Leadership and emotional intelligence
Leadership emerges under highly volatile conditions, especially when the situations go against a person. And when people are finding an effective solution under such constrained situations, they develop various competencies such as risk taking, impulse control, resilience, optimism, passion, tolerance, etc. In the modern psychological sciences, these competencies are termed “Emotional Intelligence” (EI).
EI provides unique psychological resources to exert cognitive regulation over negative effects of emotions, whether positive or negative, to maintain the leaders’ vision or value driven behavior. In simple words, EI is defined as cognitively controlled affective (emotional) processes to perform under stressful conditions. For example, EI is required when a person or a team loses a couple of matches e.g., Indian women hockey team lost their first three matches then won next three matches and entered into the semi-final. Thus it is EI that helps manage the stress generated after consecutive successes or defeats. Otherwise, sadness, grief, fear, anxiety could have taken over their mental capacities, hence it simply means that intelligence (IQ) works well when emotions are kept under control because rationality is not an absolute construct rather it is bounded by personal and situational constraints. It facilitates in regulating the emotions in self and others both.
Meanwhile, emotions release a sustainable source of energy that helps achieve one’s long-term vision and mission of transformation for an organization or a country. Under highly stressful conditions, if emotions of fear, anxiety, lust, rage, greed, attachment, ego and jealousy are not effectively regulated by the leaders, then IQ fails to provide an effective solution of personal and professional problems. For example, soldiers who sacrifice their life for the country are able to regulate their emotions (fear or anxiety) favorably while successful people, sometimes, commit suicide or can fall psychologically sick when unable to regulate such emotions due to sudden failures or an attachment with results.
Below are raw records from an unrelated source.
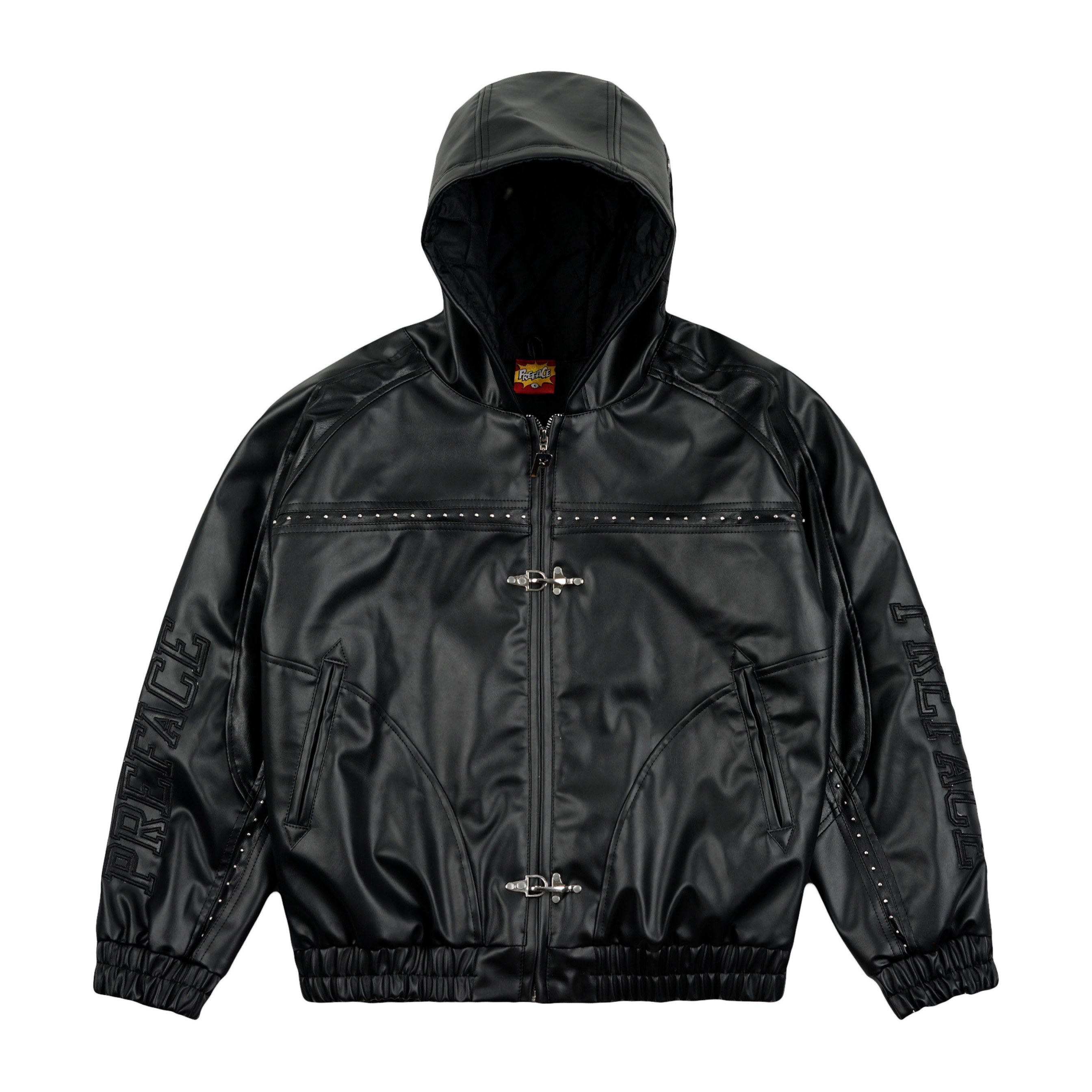 LEATHER HOODIE - AGAMEMNON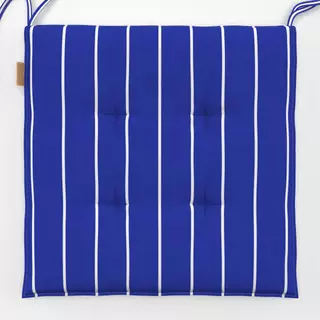 Sitzkissen Kleine Streifen blau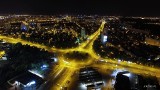 Nocny Poznań z lotu ptaka zachwyca! [ZDJĘCIA]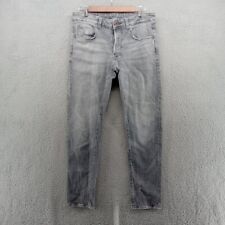 Jeans masculino G-Star cru 32x32 cinza slim fit 3301 botão mosca grunge desgastado comprar usado  Enviando para Brazil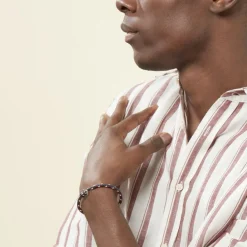 Histoire d'Or Bracelet Axel Acier Blanc Hot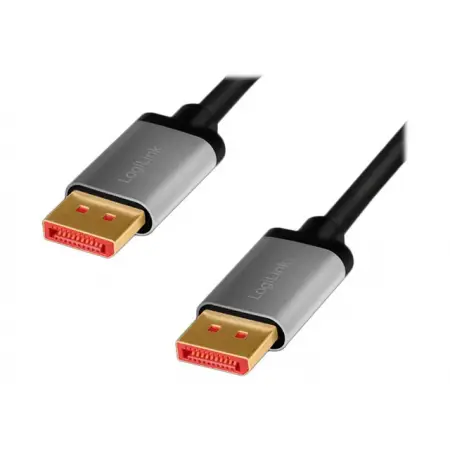 LOGILINK CDA0105 Kabel DisplayPort DP/M do DP/M 8K/60 Hz aluminium czarny/szary 2m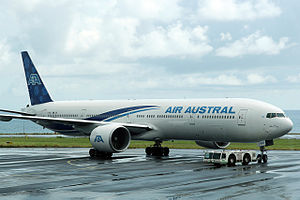 Air Austral's 2002–2016 livery on a Boeing 777-300ER.
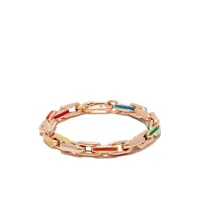lauren rubinski bracelet rainbow en or 14ct détails émaillés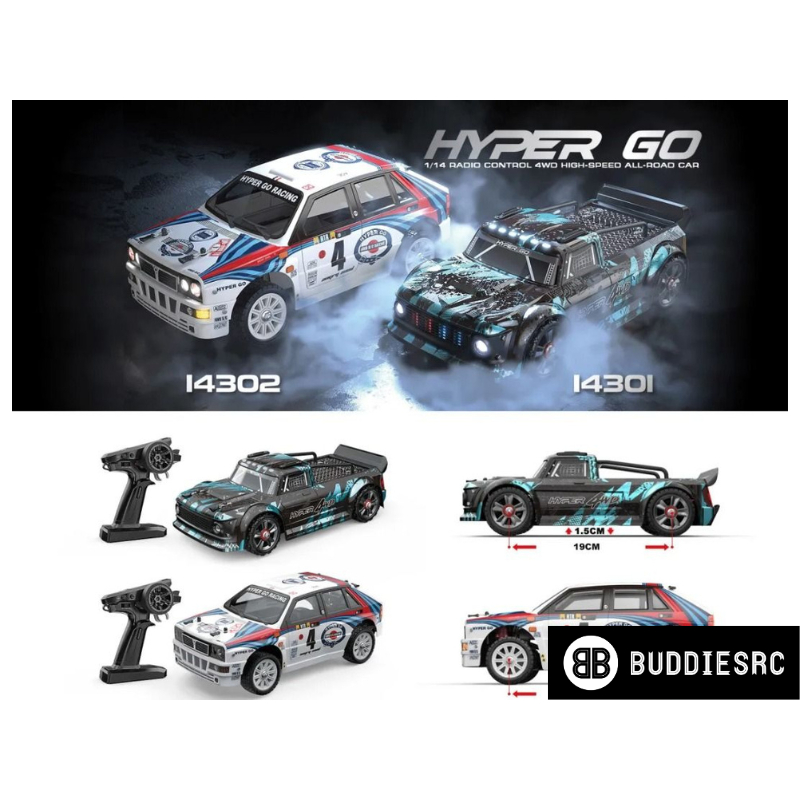 MJX RC HYPERGO HYPER GO 1/14 BRUSHLESS ROAD OFF-ROAD DRIFT RTR RC CAR ...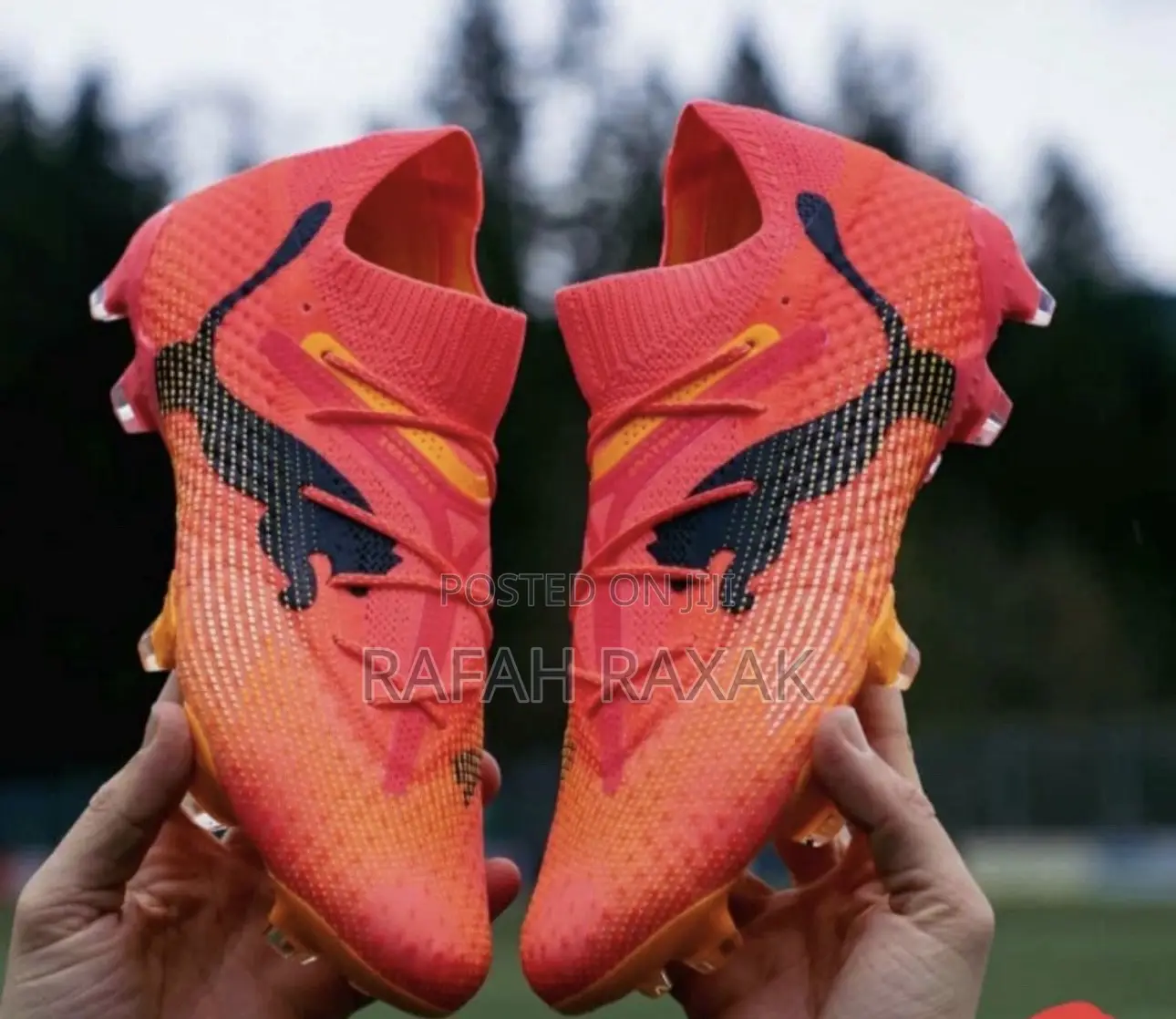 Original Orange Puma Future 7 Ultimate Fg/Ag Football Boots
Moreover, IQ-based predictions seem to be limited while one is making a career decision or appearing for a competitive exam. Most entrance tests like IIT-JEE, CAT, GRE, and GMAT, etc. measure one’s cognitive capabilities under ideal conditions. When an aspirant fails to face the psychological pressures of these exams or unable to regulate the attachment with the results then it can cause one’s nervous breakdown. In the worst case scenario, it leads to developing suicidal tendencies. In India, almost 9,905 bright students commit suicide every year because they are unable to cope with the pressure of these competitive exams, even though they are brilliant in their academics. It also happens with even successful people when they are either not promoted or not duly recognized for their efforts and then they become dissatisfied or unhappy in their personal or professional life. They develop withdrawal symptoms in the form of silence or exit. This is where the model of EI plays a significant role as it provides a more effective solution for the development of psychological competencies like resilience, optimism, patience, passion, and many more. There are instances when repeated failures make an individual stronger. Take the example of a spider, who is building its web - it falls and fails but never gives up. For instance, Dasrath Manjhi worked for 22 years to carve out a road by cutting a Gehlaur hills in Gaya district. Arunima Sinha climbed Mount Everest after losing one leg in a train accident. Thus EI promotes sustained efforts by regulating one’s emotions of success or failure and happiness or sadness both. This is an attitude that needs to be developed. EI perspective does not see life in terms of one-time successes or failures rather helps focusing on a status of equanimity for an inner peace and harmony.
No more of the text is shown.